Vielerorts kommt es am Montag zu Demonstrationen im Sudan. Videos, welche auf Twitter verbreitet wurden, zeigen zahlreiche Demonstrierende auf den Straßen. Aufnahmen der Nachrichtenagentur AFP (s. oben) zeigen zudem dichte Rauchschwaden in der Hauptstadt Khartum. Einem Bericht nach wurden dort brennende Reifen auf den Straßen positioniert, um für Blockaden zu sorgen.

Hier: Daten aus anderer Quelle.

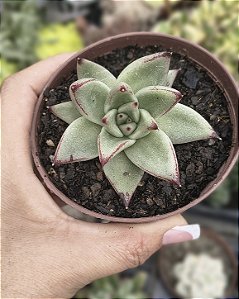 E. EBONY PINK POTE 9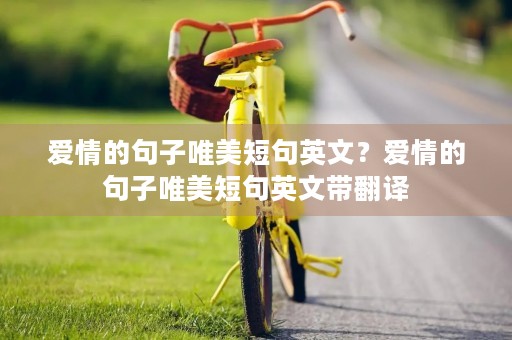 爱情的句子唯美短句英文?爱情的句子唯美短句英文带翻译 爱情的句子唯美短句英文?爱情的句子唯美短句英文带翻译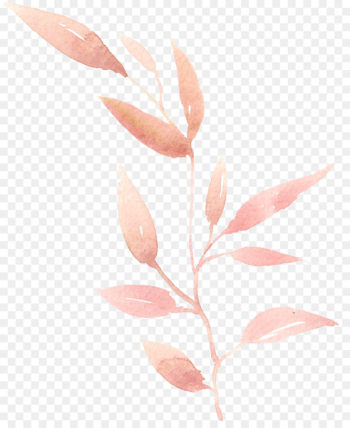 Watercolor painting Leaf - Hand-painted watercolor leaves Watercolor painting Leaf - Hand-painted watercolor leaves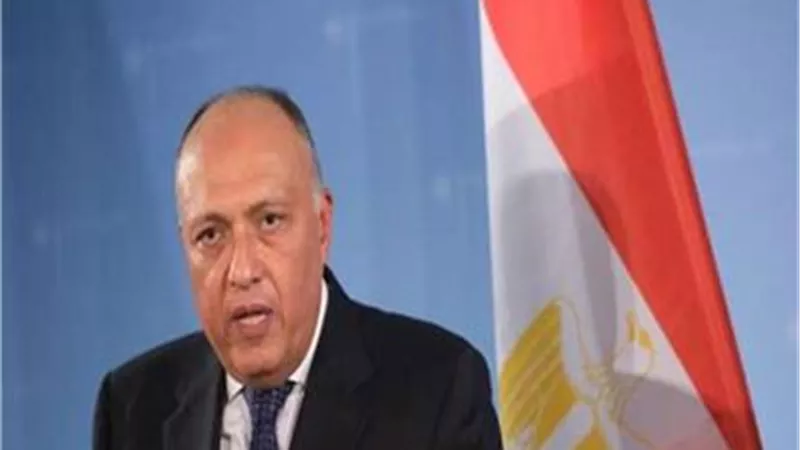 جولة من المفاوضات حول سد النهضة.. وزير الخارجية يتوجه إلى كينشاسا
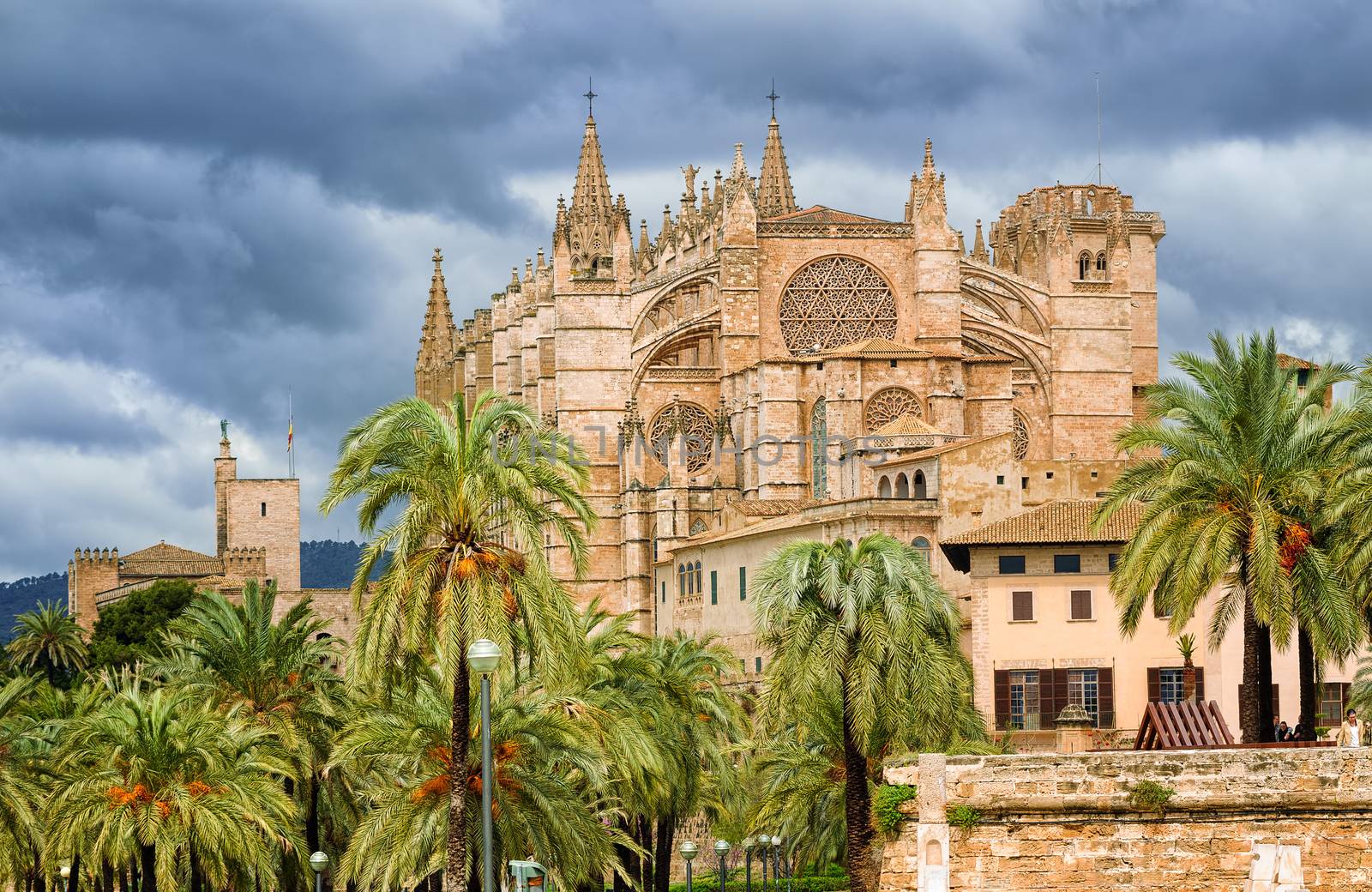 La Seu, medieval gothic cathedral of Palma de Mallorca, in the palm tree garden, Spain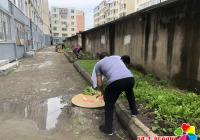 周末“不打烊”，“藍馬甲” 創城行動暖民心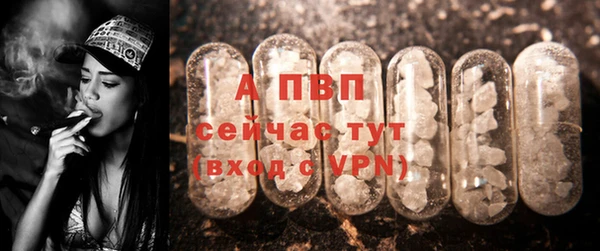 стаф Баксан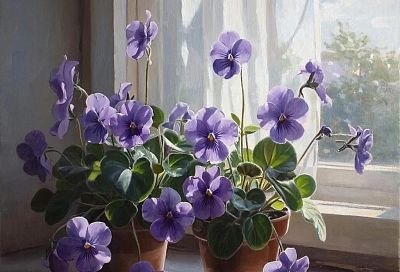 Достаточно одной таблетки и ваша фиалка покроется множеством новых бутонов: аптечный трюк для ленивых цветоводов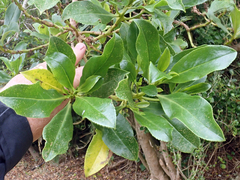 Myoporum semotum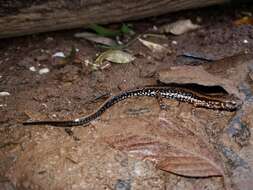 Image of Three-lined Salamander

Erstmeldung von Montag, 25.10.2021, 9.00 Uhr: Khartum – Im Sudan gab es am Montagmorgen (25.10.2021) einen Putschversuch. Nach mehreren größtenteils übereinstimmenden Medienberichten bestätigte das nun auch das sudanesische Informationsministerium auf dem Sozialen Netzwerk Facebook. „Zivile Mitglieder des Souveränen Übergangsrates und einige Minister der Übergangsregierung wurden von Militärkräften festgenommen“, teilte das Ministerium dort mit.

Unter den Festgenommenen befinde sich auch Sudans Regierungschef. „Nachdem er sich geweigert hatte, den Putsch zu unterstützen, wurde Ministerpräsident Abdalla Hamdok von einer Armeeeinheit festgenommen und an einen unbekannten Ort gebracht“, schrieb das Ministerium.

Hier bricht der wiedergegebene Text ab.